While we might all be familiar with the term, what has become abundantly clear is that what we call ‘DevOps’ can vary greatly

DevOps leaves plenty of room for interpretation. The vast majority of organisations I encounter agree that DevOps is a set of cultural guardrails and practices that automate and integrate processes so that teams can build, test and ship software faster and more reliably. This isn’t incorrect, but it doesn’t paint a full picture either. 

What is missing is the very heart of DevOps – the essential human element between software development and the operations teams, and the role collaboration plays in bridging the gap so that teams can ship better software, faster. 

Yes, it’s about increasing software quality and stability, shortening lead times and automating the process. But more importantly, DevOps is about enabling people to collaborate across roles to deliver value to end-users.

When you make that ideological shift, it is easier to take stock of what DevOps really is – and start to bust those myths that typically hold enterprises back from harnessing DevOps’ true potential. 

1. There is a single, ‘right’ way to do DevOps

Untrue. Every organisation has completely different needs, constraints and goals. A uniform approach can defeat the object. The tools and processes that worked in one company are not guaranteed to have the same impact in another.

There are common practices and principles for successful DevOps, but these should be guides rather than the pre-ordained answer. Enterprises need to trust their gut, and focusing on the human element of DevOps is a sure-fire way to give yourself a head start. 

2. Buying DevOps tools = doing DevOps

Investing in the right tools is an important step, but that doesn’t fast-track enterprises to success. Tooling and automation are how you implement DevOps, not DevOps itself. Choosing the right tools is vital, but every organisation needs a progressive DevOps culture in place first and foremost.

If you lose sight of your collaborative purpose and are blinded by the tools you need to get DevOps done, you’re not set up for success.

3. DevOps is the same as agile development

This is a common myth, but the two shouldn’t be confused. Processes such as agile, lean, extreme programming and other “work fast, ship often” models are an important part of DevOps, but do not define what DevOps is.

Agile might help enterprises ship software faster, but it doesn’t have the power to get teams to collaborate in the software lifecycle. Alone, it can overwhelm teams, especially if they are siloed. 

4. DevOps and security teams can exist separately

OK, sure, they can – but they definitely shouldn’t. Security needs to be as much a shared responsibility as shipping.

DevOps teams have found ways to speed up software delivery through automation, collaboration and containers, but disjointed security processes still slow them down. Too often, code is simply passed to a security team for checking before it ships, with predictably poor results.

Instead, DevSecOps brings IT security into DevOps teams to ensure that security is prioritised at every step of the development lifecycle.
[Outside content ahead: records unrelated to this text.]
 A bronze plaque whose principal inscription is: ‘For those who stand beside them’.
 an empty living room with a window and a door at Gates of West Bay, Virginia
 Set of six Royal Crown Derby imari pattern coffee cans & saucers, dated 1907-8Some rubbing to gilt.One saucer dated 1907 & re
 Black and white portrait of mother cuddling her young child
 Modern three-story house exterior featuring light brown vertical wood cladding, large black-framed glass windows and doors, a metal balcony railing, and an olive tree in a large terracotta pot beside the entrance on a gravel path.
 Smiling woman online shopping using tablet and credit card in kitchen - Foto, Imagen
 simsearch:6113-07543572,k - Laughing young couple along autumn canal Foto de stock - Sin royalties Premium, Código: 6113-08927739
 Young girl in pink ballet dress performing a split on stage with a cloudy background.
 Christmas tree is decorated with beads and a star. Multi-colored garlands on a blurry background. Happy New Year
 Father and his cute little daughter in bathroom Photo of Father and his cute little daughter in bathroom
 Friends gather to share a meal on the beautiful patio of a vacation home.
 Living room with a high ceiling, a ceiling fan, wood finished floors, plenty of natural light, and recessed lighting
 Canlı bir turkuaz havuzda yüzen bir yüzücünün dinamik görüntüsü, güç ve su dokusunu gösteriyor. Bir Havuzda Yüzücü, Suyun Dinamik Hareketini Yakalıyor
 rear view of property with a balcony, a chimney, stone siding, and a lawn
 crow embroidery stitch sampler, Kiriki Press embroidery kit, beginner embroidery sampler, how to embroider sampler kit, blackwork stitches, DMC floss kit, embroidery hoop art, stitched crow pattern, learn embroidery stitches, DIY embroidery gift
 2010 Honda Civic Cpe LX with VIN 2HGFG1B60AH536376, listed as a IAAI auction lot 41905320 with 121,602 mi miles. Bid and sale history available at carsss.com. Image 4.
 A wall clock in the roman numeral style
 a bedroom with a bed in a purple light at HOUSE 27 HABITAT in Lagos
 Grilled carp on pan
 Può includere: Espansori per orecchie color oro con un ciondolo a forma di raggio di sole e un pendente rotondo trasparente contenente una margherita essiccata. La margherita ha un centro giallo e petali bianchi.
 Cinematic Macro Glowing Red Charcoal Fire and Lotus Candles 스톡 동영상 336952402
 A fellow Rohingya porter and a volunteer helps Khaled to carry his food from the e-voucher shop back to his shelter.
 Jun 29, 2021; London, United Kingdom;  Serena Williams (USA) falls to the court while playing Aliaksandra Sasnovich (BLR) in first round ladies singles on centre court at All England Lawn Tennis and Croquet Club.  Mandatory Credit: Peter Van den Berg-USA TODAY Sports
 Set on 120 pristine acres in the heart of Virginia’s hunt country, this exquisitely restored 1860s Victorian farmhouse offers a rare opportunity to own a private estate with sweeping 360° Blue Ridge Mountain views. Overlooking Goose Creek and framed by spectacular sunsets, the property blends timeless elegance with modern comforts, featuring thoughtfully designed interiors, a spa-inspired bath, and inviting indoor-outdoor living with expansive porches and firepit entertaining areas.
Infusing security into the process means shipping better, more secure software with fewer delays.

5. DevOps is only about increasing software quality and stability

In organisations where the bottom line pervades every process, it is easy to dismiss DevOps as simply the way teams improve the quality of software. Sometimes the means becomes the end. But by automating workflows, people can focus more on the task at hand, improving culture and reducing burnout.

It’s not just about shipping software quickly, it’s about increasing value to the entire organisation and the users of software. Making this subtle tweak in an organisation’s outlook is critically important to how DevOps is viewed and valued.

Although there might be no single path to DevOps success, the organisations that focus on building DevOps on shared principles that reflect a team’s culture, goals and strengths are on the right path.

Kai Hilton-Jones is senior director of solutions engineering for EMEA at GitHub.